Thirty minutes into the ride to Kuhmo, some 52 miles to the north, the rain begins to fall. This time there are no dramatics; neither thunder, nor lightning, just a few drops, then a few more. Not a problem, I think. I pedal through forests and strain over hills. The trees are thick here. In little vales lay dark pools of stagnant water or slugglishly moving streams covered with lilly pads. The rain increases in intensity. And then from behind, as if a wraith had caught up to me, the sky darkens, a vicious tail wind hits. Torrents of rain, like machine gun bullets, rip out of the sky. The wind propels me at a high speeds, my wheels cutting a wake through the pooling water on the asphalt. Water drips in through my helmet, down my neck into my clothes. My shoes are soaked. The water finds every nook and cranny in my meager rain suit defenses. Motorists, what few there are, crawl along at slow speeds because they cannot not see the road well. This is not a safe place to ride. I have to find shelter. But there is nothing, but trees. For an hour I skid along in the monsoon. At times the bike seems to hydroplane, if that is even possible. Wet and now blasted by wind, I begin to shiver. The only way I can keep warm is to keep cycling even though I am very tired. I am getting colder, the signs of hypothermia are obvious. I have to find shelter. I consider stopping in the forest and erecting a tarp to hundle under. Finally, I spot a little log hut with open sides sheltering a single wood picnic table. I swing the bike into it, yank open the rear wagon and paw through stuff sacks to find dry clothes. Shivering, I pull on thermal underwear, a wind hat and a sweatshirt. I set up the stove and boil water for coffee. It is the best cup of coffee I have ever tasted. The shivering stops.

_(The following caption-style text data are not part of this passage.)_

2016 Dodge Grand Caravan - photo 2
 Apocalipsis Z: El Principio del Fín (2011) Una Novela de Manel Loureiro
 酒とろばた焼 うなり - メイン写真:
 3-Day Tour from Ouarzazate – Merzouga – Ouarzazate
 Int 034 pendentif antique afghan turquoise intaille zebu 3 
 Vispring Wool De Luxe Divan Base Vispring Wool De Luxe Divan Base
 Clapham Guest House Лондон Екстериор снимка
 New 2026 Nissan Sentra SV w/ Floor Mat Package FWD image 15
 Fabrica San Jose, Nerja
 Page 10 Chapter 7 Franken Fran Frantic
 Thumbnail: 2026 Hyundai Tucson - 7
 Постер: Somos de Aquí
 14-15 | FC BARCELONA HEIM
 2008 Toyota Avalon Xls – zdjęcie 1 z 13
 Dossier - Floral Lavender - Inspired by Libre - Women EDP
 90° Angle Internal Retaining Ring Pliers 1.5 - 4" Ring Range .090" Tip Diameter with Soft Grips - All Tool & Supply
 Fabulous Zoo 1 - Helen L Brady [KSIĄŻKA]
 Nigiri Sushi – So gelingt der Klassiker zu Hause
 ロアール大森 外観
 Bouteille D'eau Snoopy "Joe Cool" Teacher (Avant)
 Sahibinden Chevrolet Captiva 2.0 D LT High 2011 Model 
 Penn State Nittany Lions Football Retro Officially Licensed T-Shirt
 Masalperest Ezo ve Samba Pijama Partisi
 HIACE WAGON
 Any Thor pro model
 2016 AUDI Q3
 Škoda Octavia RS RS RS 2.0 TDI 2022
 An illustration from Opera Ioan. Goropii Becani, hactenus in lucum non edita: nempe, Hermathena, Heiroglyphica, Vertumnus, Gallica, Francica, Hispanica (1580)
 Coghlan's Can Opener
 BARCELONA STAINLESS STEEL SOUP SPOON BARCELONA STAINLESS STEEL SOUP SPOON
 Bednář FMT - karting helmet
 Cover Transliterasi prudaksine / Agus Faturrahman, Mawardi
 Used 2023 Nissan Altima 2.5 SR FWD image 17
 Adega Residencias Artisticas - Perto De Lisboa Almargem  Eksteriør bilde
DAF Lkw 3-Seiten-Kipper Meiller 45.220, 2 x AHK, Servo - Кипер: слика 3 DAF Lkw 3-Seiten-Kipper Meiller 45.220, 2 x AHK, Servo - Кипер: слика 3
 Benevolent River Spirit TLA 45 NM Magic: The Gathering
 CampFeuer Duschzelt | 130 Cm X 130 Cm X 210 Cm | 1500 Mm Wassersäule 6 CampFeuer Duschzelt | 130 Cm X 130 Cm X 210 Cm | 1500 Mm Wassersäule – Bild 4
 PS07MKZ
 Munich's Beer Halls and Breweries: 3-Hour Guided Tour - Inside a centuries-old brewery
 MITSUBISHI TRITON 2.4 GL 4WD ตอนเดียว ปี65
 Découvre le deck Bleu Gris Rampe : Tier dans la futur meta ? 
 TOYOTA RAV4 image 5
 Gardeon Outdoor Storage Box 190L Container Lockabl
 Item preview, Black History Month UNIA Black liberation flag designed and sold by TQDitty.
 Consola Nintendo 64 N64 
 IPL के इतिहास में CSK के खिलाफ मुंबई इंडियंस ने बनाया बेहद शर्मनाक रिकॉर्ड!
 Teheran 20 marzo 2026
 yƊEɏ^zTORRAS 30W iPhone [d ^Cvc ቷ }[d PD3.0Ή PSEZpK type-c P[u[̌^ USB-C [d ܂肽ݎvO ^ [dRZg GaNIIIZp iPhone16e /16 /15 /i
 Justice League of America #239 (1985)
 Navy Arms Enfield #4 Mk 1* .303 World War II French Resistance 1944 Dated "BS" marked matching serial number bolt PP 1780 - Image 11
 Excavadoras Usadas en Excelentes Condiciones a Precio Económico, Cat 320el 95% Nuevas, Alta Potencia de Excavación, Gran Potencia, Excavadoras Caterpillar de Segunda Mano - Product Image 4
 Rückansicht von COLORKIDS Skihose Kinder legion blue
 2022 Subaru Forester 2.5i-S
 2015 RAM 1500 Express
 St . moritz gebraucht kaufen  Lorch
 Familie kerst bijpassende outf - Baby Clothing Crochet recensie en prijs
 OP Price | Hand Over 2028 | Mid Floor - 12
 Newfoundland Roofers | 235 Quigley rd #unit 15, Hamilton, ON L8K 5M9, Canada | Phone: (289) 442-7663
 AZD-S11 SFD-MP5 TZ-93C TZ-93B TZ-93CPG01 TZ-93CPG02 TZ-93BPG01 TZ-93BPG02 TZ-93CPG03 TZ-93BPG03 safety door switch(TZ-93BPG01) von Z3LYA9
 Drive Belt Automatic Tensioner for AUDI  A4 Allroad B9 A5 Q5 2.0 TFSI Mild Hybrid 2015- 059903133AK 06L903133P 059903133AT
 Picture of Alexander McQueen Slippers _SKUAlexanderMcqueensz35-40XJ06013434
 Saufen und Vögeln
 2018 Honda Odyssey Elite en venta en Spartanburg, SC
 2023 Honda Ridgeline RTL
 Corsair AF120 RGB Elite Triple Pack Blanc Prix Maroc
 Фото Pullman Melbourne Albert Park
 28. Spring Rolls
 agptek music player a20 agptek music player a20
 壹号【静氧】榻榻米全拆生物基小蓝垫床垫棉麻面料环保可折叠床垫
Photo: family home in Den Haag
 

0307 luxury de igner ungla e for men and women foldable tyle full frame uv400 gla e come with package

I stay in my little log hut for two hours, determined not to budge until the diluge stops. A car pulls over and a thin, drawn man, and a heavyset woman get out and walk over to the shelter. The man sits opposite me and smokes. We greet each other with the "eh" hello, in Finnish. I motion to the downpour and say "vetta" which means rain. We sit in silence, then the couples gets up and leaves.

In the afternoon the rain stops and I continue my journey. On my map, settlements such as Muijarvi and Lauvaskylä are listed, but Muijärvi is nothing more than a cell phone tower, a dog, and a house. Lauvaskylä is even less substantial. Along the roadside giant toadstools have erupted from the soil. The sky begins to break and I know the rain has finished for today. It almost got me, but I lived to bike another day.

Near Kuhmo, I see an old artillery piece parked by the road. Nearby is a monument to the 1939 Winter War, when Russian invaded Finland. It was near here the Stalin tried to quickly win the war by sending his armies across Finland at its narrowest point. He hoped to sever Finland in two at "its narrow waist." He failed, the outnumbered Finns fought the Russians to a standstill during one of the coldest winters in memory. I wander among overgrown tank traps and old battle trenches, a reminder of the grim conflict that raged here more than 60 years ago.


As I enter Kuhmo the sun comes out. It seems a miracle given what happened earlier in the day. The roadside at the city limit is bright with the red, yellow and pink lupine blossoms, stalks lazily swaying hello in the faint breeze.

1 comment:

Markku said...

Did I mention the book "Frozen Hell" by William R.Trotter. Lots about the war!